Could you give the data that follows again exactly, without its pictures?
^^^^
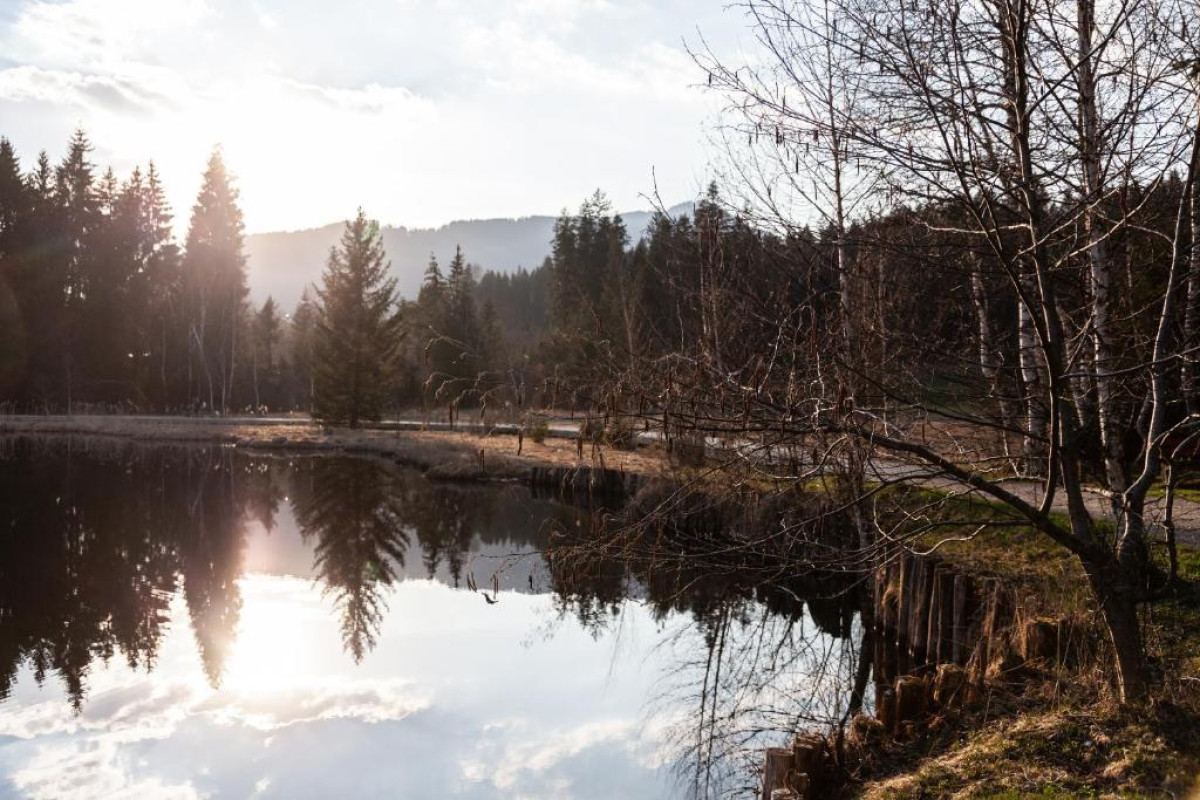 Hotel Bruggerhof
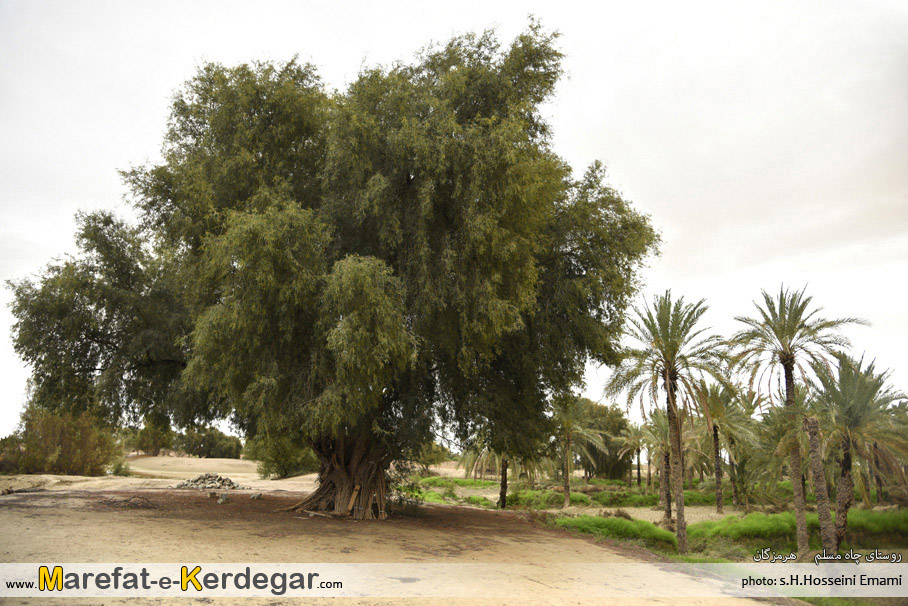 طبیعت استان هرمزگان طبیعت استان هرمزگان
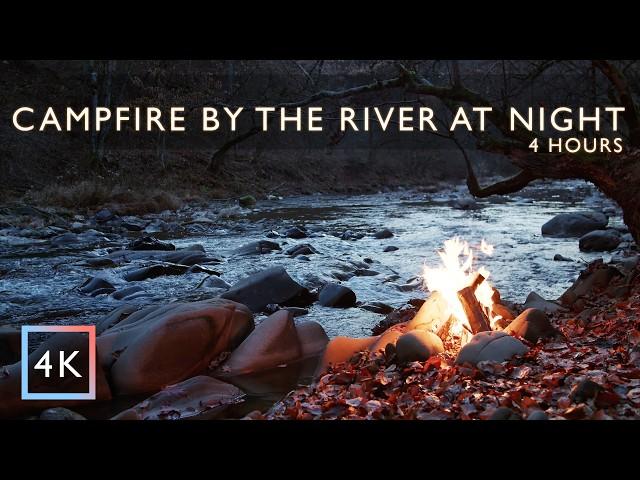 4 h - Campfire by the River at Night | Forest Life Sounds | Owls | Nature Sounds | ASMR Nature | 4K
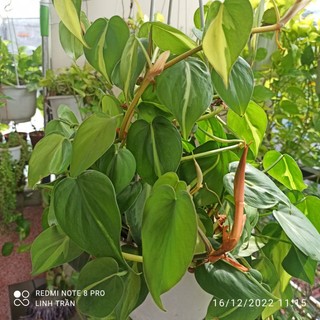 Trầu bà Brazil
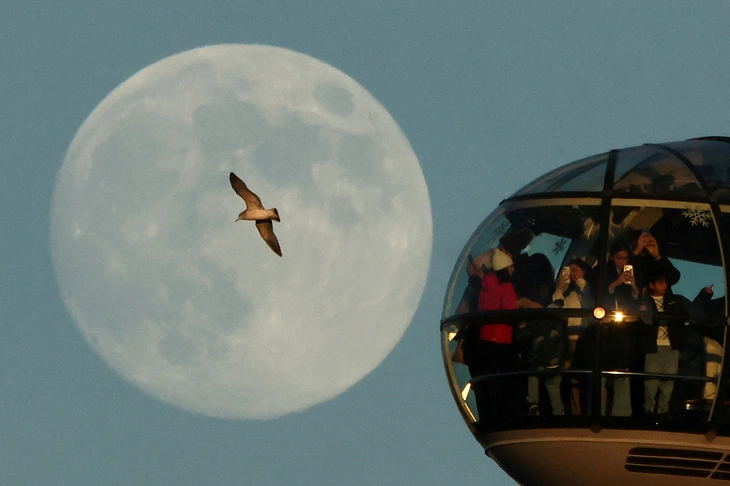 Tin tức thế giới 4-1: Tổng thống Venezuela trên đường đến nhà tù Mỹ - Ảnh 4.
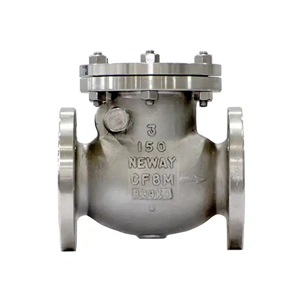 Check Valve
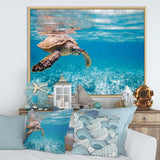 Large Hawksbill Sea Turtle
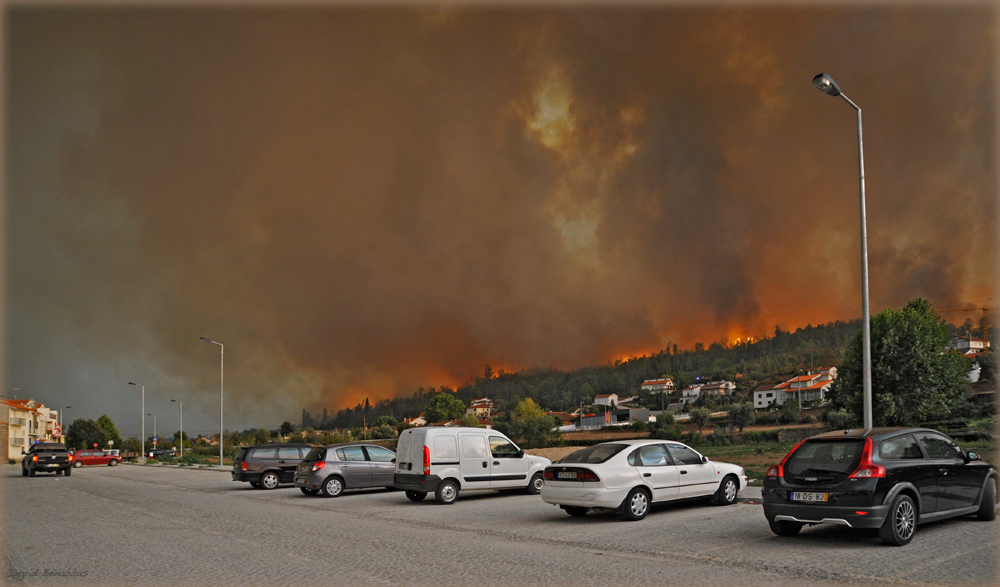 Feuer in Coja (2)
^^^^
→ RESULT OF THIS TASK
 Hotel Bruggerhof
 طبیعت استان هرمزگان طبیعت استان هرمزگان
 4 h - Campfire by the River at Night | Forest Life Sounds | Owls | Nature Sounds | ASMR Nature | 4K
 Trầu bà Brazil
 Tin tức thế giới 4-1: Tổng thống Venezuela trên đường đến nhà tù Mỹ - Ảnh 4.
 Check Valve
 Large Hawksbill Sea Turtle
 Feuer in Coja (2)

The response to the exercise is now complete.